Ebay Ad UK Government
An advert features the current UK Government of 2017 for sale on the online bidding website Ebay Screenshot - Ebay

You can really find everything on Ebay, as demonstrated by this newly listed ad. The UK government is up for sale on the online auction platform and bids are still going. According to the ad, they have some "deep flaws" but "do need a good home."

User lizzymac-uk is selling one "USED" government and is eager to do so quickly, as she writes that a "new stock [is] arriving soon."

Describing the product, she advises potential bidders that the government can be used as "garden gnomes" but can also "frighten the neighbours," and should be kept away from the shade, as they "have a tendency to migrate over to the dark side."

The description goes on to mention that they repel wildlife and that "foxes hate them" in a nod to Theresa May's announcement that she would bring back fox hunting.

Bidders are expected to place their offers by 20 June,the last day of the auction. Foreign buyers are more than welcomed, as lizzymac-uk states she's "more than happy to ship them overseas."

The ad has gathered 27 bids so far, although none of them higher than £49. All profits of the sale will go to Comic Relief.

Almost a week after the General Election on 8 June, at which the Conservative Party performed worse than they expected, many voters have expressed their discontent with Theresa May's government. The Prime Minister is struggling to retain some kind of majority in the Parliament.
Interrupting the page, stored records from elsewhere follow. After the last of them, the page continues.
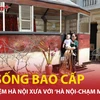 Nhớ da diết một thời bao cấp với 'Hà Nội - Chạm miền ký ức'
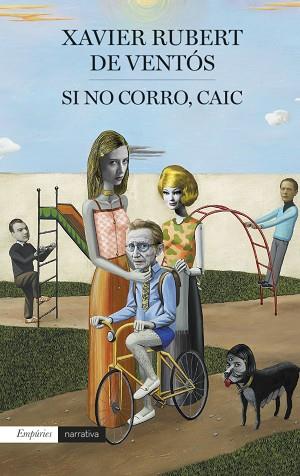 SI NO CORRO, CAIC | 9788417016241 | RUBERT DE VENTOS, XAVIER (1939-) [VER TITULOS] | Llibreria Huch - Llibreria online de Berga 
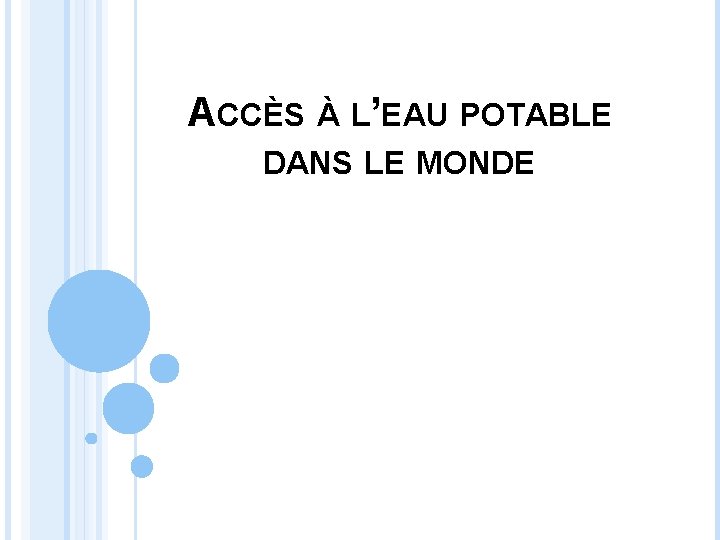 ACCÈS À L’EAU POTABLE DANS LE MONDE 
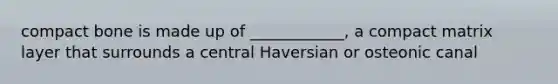 compact bone is made up of ____________, a compact matrix layer that surrounds a central Haversian or osteonic canal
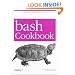 Bash Cookbook: Solutions and Examples for Bash Users (Cookbooks (O'Reilly))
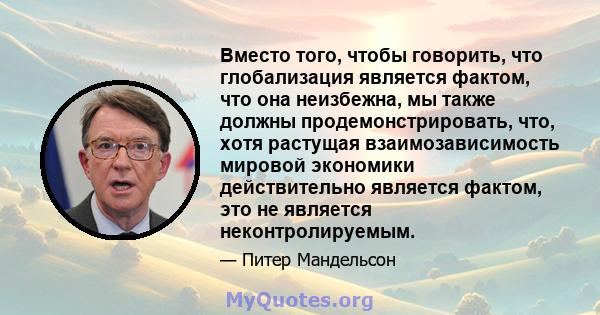 Вместо того, чтобы говорить, что глобализация является фактом, что она неизбежна, мы также должны продемонстрировать, что, хотя растущая взаимозависимость мировой экономики действительно является фактом, это не является 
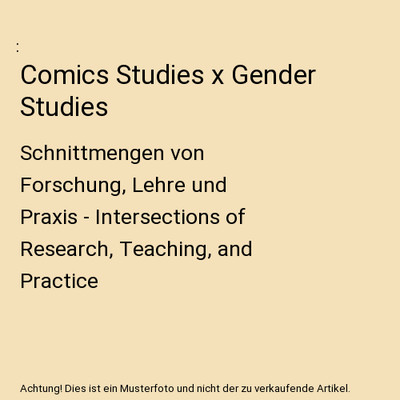 Comics Studies x Gender Studies: Schnittmengen von Forschung, Lehre und Praxis -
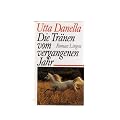 Die Tr�nen vom vergangenen Jahr
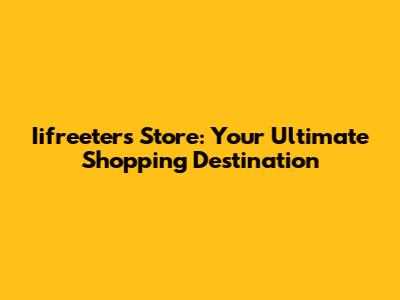 Iifreeters Store: Your Ultimate Shopping Destination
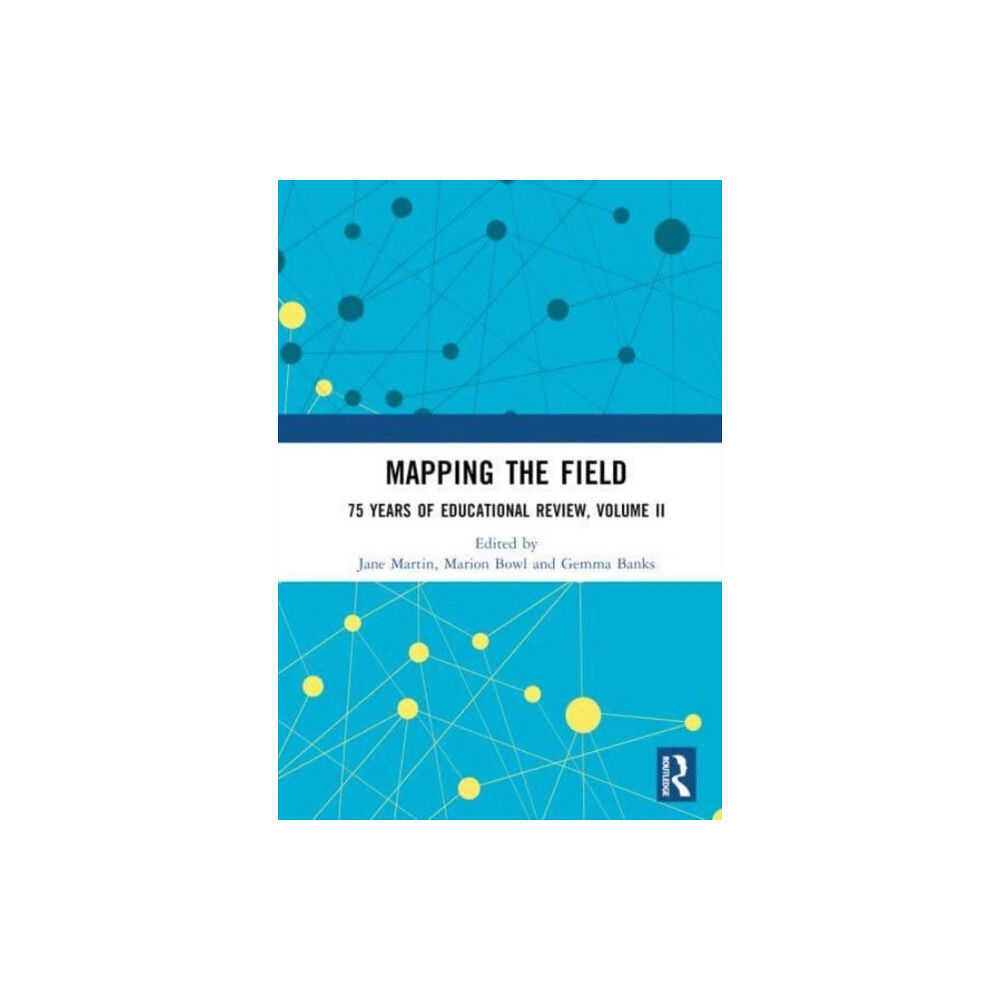 Taylor & francis ltd Mapping the Field (inbunden, eng)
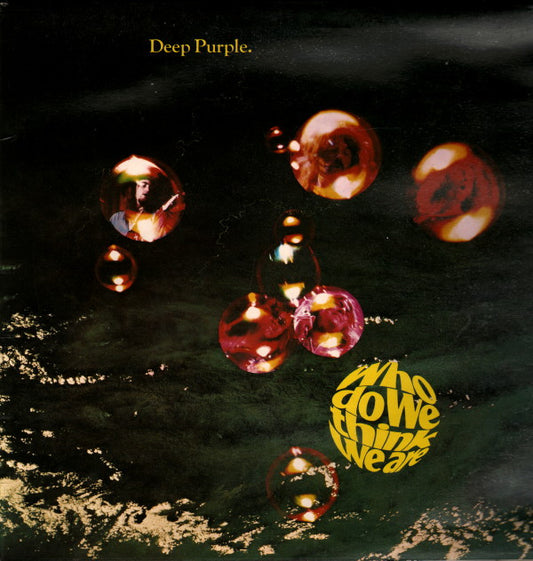 Deep Purple - Who Do We Think We Are LP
May's current efforts to form an alliance with the Democratic Unionist Party has drawn concerns from senior Conservatives, such as former prime ministers David Cameron and Sir John Major.

Major suggested Theresa May put an end to the deal on BBC Radio 4's World at One. The former prime minister said: "I am concerned about the deal. I am wary about it. I am dubious about it. Both for peace process reasons, but also for other reasons as well," on Tuesday.

Sir John Major was referring to the Good Friday Agreement of 1998, which states the UK and Irish administrations must demonstrate "rigorous impartiality".

On June 15, May is due to meet with Northern Ireland's five main parties at Downing Street, where they will voice their concerns about a Conservative-DUP deal.